As Fidel explained, they somehow became separated, but quickly were able to reunite when things settled down in his homeland in 1997.

However, only a year later, in 1998, Fidel found himself running again.

Hearing gunfire, he ran away from school. “I went home and everyone was gone,” he said.

So at 12 years old, after witnessing the Hutu massacre a morning church service during the second Congo war, Fidel and a small group of friends ran together.

They fled to Tanzania, and from there continued their journey on foot.

"We walked through the bushes for quite some time,” he said until finally someone offered them a ride to Zimbabwe in the back of a mattress truck.

Along the way, Fidel lost one friend to starvation. “We left him in the forest,” Fidel explained in the documentary, Route to Peace. “I had to continue the journey.”

In Zimbabwe, the UN took him in. Fidel had to lie about his age, saying he was 16 so he could live alone in the refugee camp.

From this moment, Fidel's life would be filled with a series of unfortunate events.

A fugitive at 16...

At 16, Fidel said he “became a fugitive for a year, all my friends went to prison.”

So he ran to Botswana with four other women where he lived in a refugee camp for one year. Fidel explained,

It was a terrible place to live. There was no rain, less food given to refugees, no opportunities, there was nothing. It was like a death camp.

So he ran again, this time taking money to help a man cross the border into South Africa.

Fidel found work and a life in South Africa. However, after witnessing a crime and alerting police, Fidel became the prime enemy to a South African gang. So he ran again.

This time, Fidel ran to Angola to restart his career selling items on the street, however, he quickly learned this too would be a poor decision. So Fidel decided to head back to South Africa.

To get back, Fidel hitched a ride on the back of a truck, but the truck made one fateful stop in Zimbabwe, where he was still a wanted man.

We stopped. We got searched and the police arrested us because we were foreigners.

After being released with some help from the UN, Fidel went to the city with a man he met in the camp, to write a letter of apology to the country of Zimbabwe, a country he considered home.

When I was leaving the office, I got kidnapped again by the police. They put me in a small cell. For one week they locked me in there, beat me up and tortured me and after a week they threw me in the middle of nowhere. They were thinking of killing me, they argued about it a couple of times, but I was exhausted, I passed out.

When he woke up, he was in the hands of the local police once more, this time in Mozambique.
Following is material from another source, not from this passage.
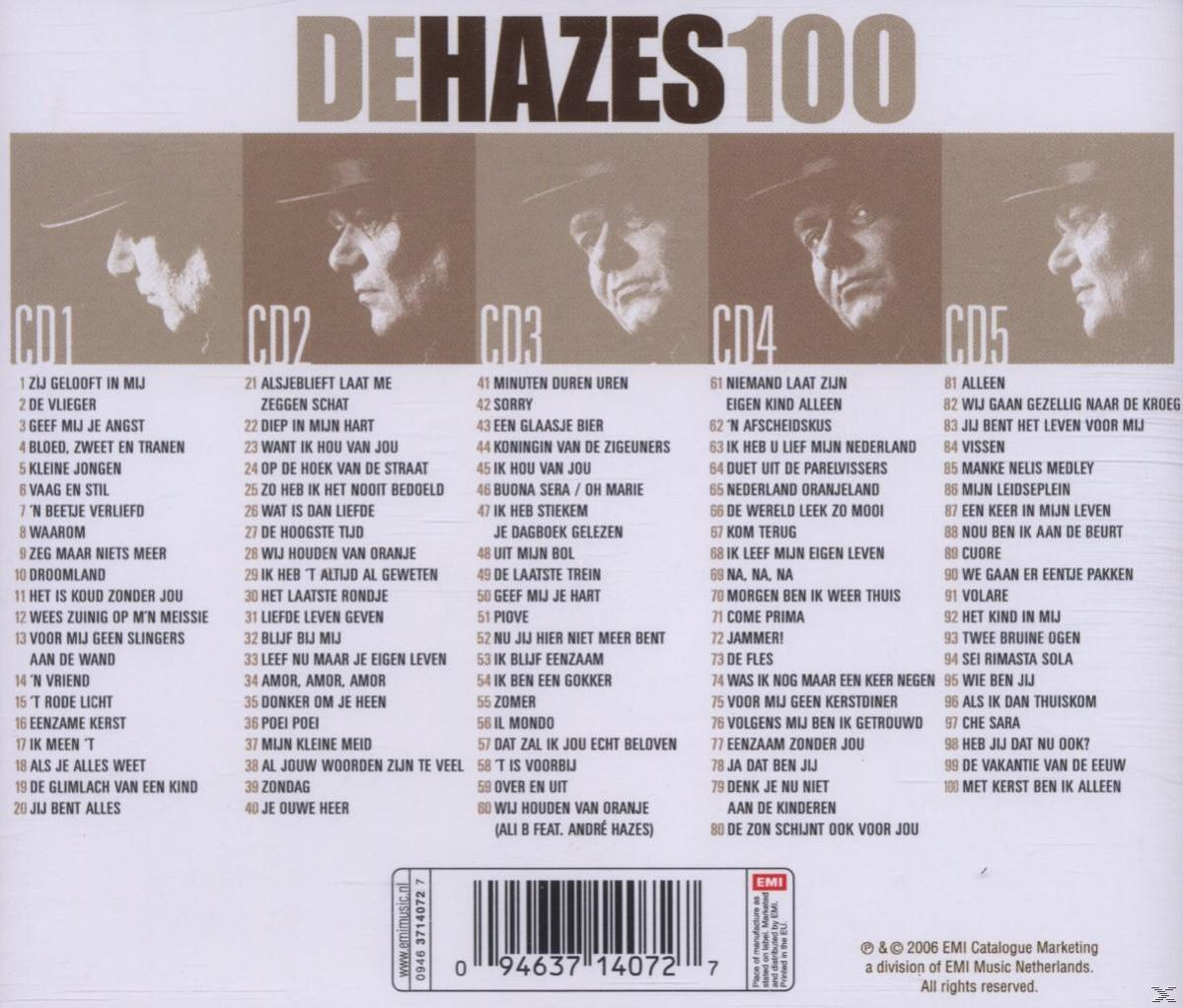 Pochette de CD avec divers titres de chansons et informations sur l'album. Le fond est de couleur claire.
However, the police force there did not believe this man, nearly 20, was once a citizen of Congo. They thought he was trying to get into their country illegally, so they deported him back to Zimbabwe where they left him at the border.

He stayed at the border in a prison for several days, until finally the UN located him once more in 2005.
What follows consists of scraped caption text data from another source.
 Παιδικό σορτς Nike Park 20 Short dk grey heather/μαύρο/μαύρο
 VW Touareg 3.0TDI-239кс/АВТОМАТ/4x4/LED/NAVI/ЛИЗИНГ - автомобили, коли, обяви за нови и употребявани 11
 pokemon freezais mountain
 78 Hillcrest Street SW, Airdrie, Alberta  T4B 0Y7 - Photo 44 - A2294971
They realized that Zimbabwe did not want me there, so the US finally accepted my application.

Heading for the American Dream...

After eight years, watching friends die, being beaten, tortured, starved and lonely, Fidel was finally going to get to live the American dream.

Fidel simply highlights just how easy refugees have it. All you have to do to get here is nearly die at the hands of your homeland.

And for refugees like Fidel, the streets of America are paved with gold, right?

Upon arrival in the United States, after an 18-month interview process, a refugee is given a three-month stipend of about $1,000.

Think about how easy your life would be moving to a country where you may or may not speak the language after all of your friends are murdered, your home burned to the ground, and you're given three months and $1,000 to get your sh*t together. Luxury, am I right?

If you can't find a job to support you and your family within that time, you're out of luck and on the street.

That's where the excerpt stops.